Who Wrote the Bill of Rights?

Who Wrote the Bill of Rights?

A lot of people have various questions and doubts in their minds regarding the Bill of Rights. Here, we attempt to clear all your doubts by answering questions like why it was written and who wrote it.
Historyplex Staff
Last Updated: Jul 17, 2018
Not everybody knows who exactly wrote the Bill of Rights. Some people think it was Thomas Jefferson, while some think it was George Mason. In fact, a lot of people don't know whether it was written by a group of people, or an individual. To help clear the ambiguity surrounding the Bill of Rights, answers to some FAQs about it are discussed here.
What is the Bill of Rights?
The first 10 amendments in the Constitution of the United States are known as the Bill of Rights. These 10 amendments highlight the rights of American citizens, which are not supposed to be encroached upon. These include the freedom of speech, right to bear arms, right to an impartial trial, right to protection, etc.
Why Was it Written?
The people who were opposing the adoption of the US Constitution believed that if it was adopted in its original form, there would be a possibility of dictatorship by the central government (i.e., the Federal government).
The episode of violation of civil rights in Britain before and during the revolution was also on their mind. To avoid such a situation in the United States, they suggested the incorporation of amendments to protect certain rights of individual citizens.
Some state conventions called for these amendments before formally accepting the Constitution, while others accepted it only after they were assured that the amendments would be incorporated.
The Creator and the Father of the Bill
James Madison was the one who wrote the Bill of Rights. However, it is George Mason who is known as the 'Father of the Bill of Rights', as his ideas in the Virginia Declaration of Rights had a great influence on Madison. (It's also worth noting that Mason's thoughts, in turn, were mainly influenced by the works of John Locke, a European philosopher.)
The free speech protections written in various state constitutions are also considered to have inspired the language of these amendments.
Madison was never in support of the Bill of Rights. He wanted the Constitution to be ratified without any such amendment. He believed that the Federal government was not strong enough to become a powerful government and would fall in some time.
It was Thomas Jefferson who tried hard and eventually succeeded in convincing Madison to support these amendments. In fact, certain rights mentioned in the First Amendment were considered to be heavily influenced by Thomas Jefferson's ideas and thoughts.
One thing that Mason was keen on including in the Bill of Rights was the abolition of slave trade. He wanted to stop all forms of slave trade by passing an amendment, but the Founding Fathers did not accept his proposal.
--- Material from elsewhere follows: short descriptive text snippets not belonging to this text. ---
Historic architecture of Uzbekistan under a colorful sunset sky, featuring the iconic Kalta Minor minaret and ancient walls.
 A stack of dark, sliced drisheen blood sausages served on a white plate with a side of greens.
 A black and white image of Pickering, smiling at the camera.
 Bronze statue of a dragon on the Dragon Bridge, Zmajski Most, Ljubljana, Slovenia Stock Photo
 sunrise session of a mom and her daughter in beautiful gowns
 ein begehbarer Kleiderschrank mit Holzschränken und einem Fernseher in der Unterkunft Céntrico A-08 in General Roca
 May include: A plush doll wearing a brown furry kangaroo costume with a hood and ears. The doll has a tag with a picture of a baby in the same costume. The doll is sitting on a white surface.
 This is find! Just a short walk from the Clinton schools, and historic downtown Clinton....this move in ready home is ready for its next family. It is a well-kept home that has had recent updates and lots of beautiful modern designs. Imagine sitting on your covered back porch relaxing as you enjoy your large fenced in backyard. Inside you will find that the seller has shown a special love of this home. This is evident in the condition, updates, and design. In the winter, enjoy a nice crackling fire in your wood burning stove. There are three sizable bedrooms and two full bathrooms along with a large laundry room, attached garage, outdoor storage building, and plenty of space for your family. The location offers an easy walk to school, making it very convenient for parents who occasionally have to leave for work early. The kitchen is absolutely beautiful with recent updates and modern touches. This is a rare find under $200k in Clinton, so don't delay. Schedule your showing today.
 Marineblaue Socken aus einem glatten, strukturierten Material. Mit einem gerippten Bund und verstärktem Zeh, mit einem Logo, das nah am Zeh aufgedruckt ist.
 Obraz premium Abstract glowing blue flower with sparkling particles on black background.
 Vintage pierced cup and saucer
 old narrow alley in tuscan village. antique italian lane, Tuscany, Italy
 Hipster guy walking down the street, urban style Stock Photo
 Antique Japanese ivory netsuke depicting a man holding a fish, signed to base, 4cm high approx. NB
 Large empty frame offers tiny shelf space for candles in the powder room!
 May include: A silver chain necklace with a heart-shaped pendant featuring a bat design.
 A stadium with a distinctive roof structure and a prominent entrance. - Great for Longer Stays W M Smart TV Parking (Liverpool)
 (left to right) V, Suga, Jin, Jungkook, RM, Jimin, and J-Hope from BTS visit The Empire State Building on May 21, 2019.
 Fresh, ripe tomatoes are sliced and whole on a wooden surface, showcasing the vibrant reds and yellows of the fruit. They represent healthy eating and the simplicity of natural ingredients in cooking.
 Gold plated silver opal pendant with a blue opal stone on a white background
It was only after the violent American civil war that Congress realized that the situation could have been avoided by including the anti-slave trade amendment in the Constitution. In the 1950s and 1960s, various civil right movements spread awareness among Americans regarding the injustice and discrimination faced by blacks and native Americans.
When and Where was the Bill of Rights Written?
The American Constitution was ratified on June 21, 1788, and the Bill of Rights was written only after that. On June 8, 1789, James Madison made the first proposal of the Bill of Rights in the House of Representatives of Congress.
On September 25, 1789, the Congress approved all the 12 amendments and then directed them to all the states for ratification. Finally, on December 15, 1791, after Virginia sanctioned these amendments, 10 out of the original 12 amendments were formally incorporated in the Constitution.
So we hope that all your doubts regarding the creation of the Bill of Rights have been put to rest. It is important for all US citizens to have a fair knowledge about it as it helps to stay on the right side of the law.